Work order | The following data is to be repeated exactly, its pictures excluded.

Provided data |
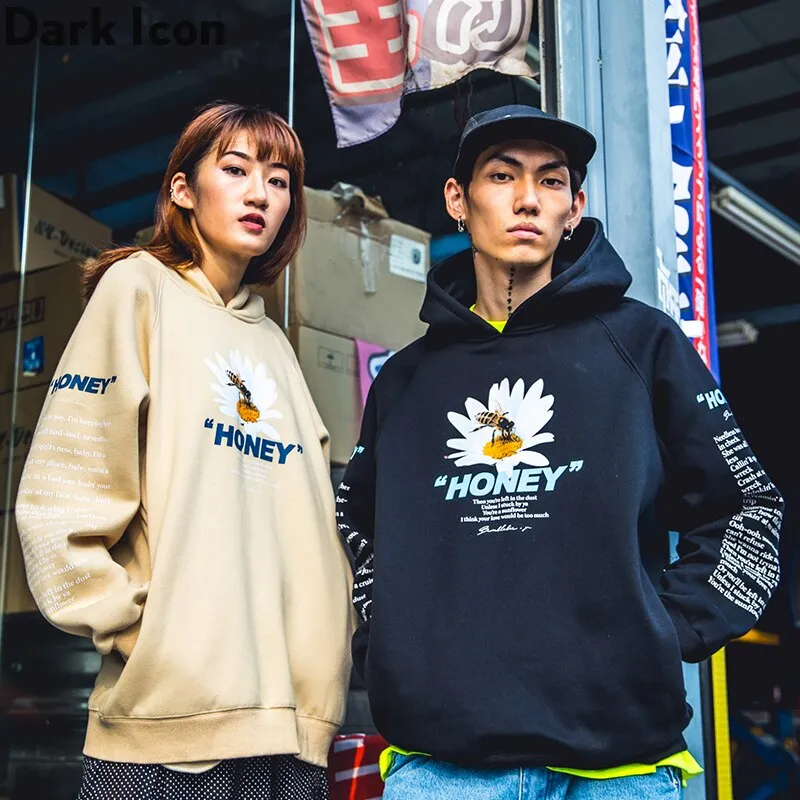 "HONEY" Sweatshirt hoodie à capuche Noir - URB1™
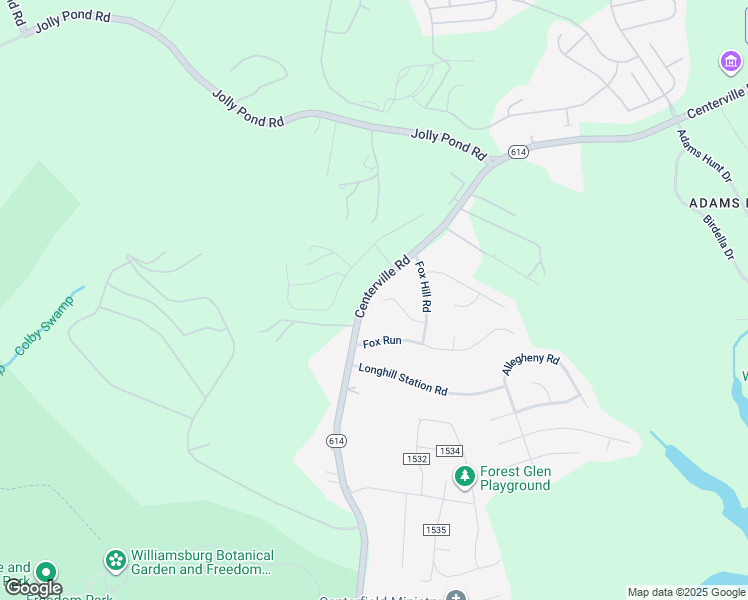 map of restaurants, bars, coffee shops, grocery stores, and more near 3826 Fox Hollow in Williamsburg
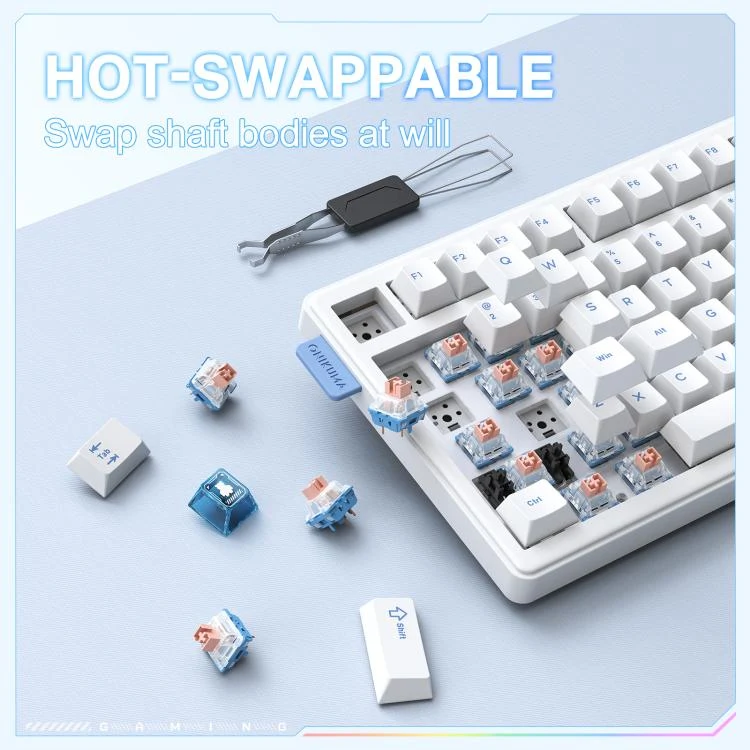ONIKUMA MT706 Tri-Mode Gasket RGB Gaming Mechanical Keyboard - White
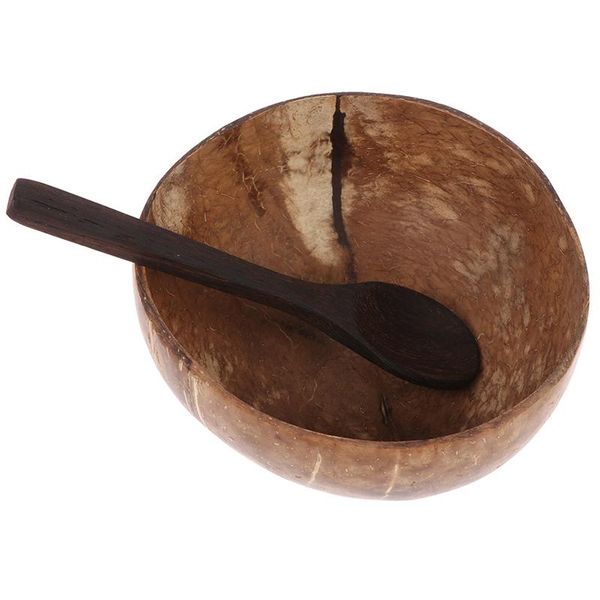 

bowls natural eco friendly coconut bowl protection wooden wood tableware spoon set coco smoothie kitchen tool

Answer space |
 "HONEY" Sweatshirt hoodie à capuche Noir - URB1™
 map of restaurants, bars, coffee shops, grocery stores, and more near 3826 Fox Hollow in Williamsburg
ONIKUMA MT706 Tri-Mode Gasket RGB Gaming Mechanical Keyboard - White

bowls natural eco friendly coconut bowl protection wooden wood tableware spoon set coco smoothie kitchen tool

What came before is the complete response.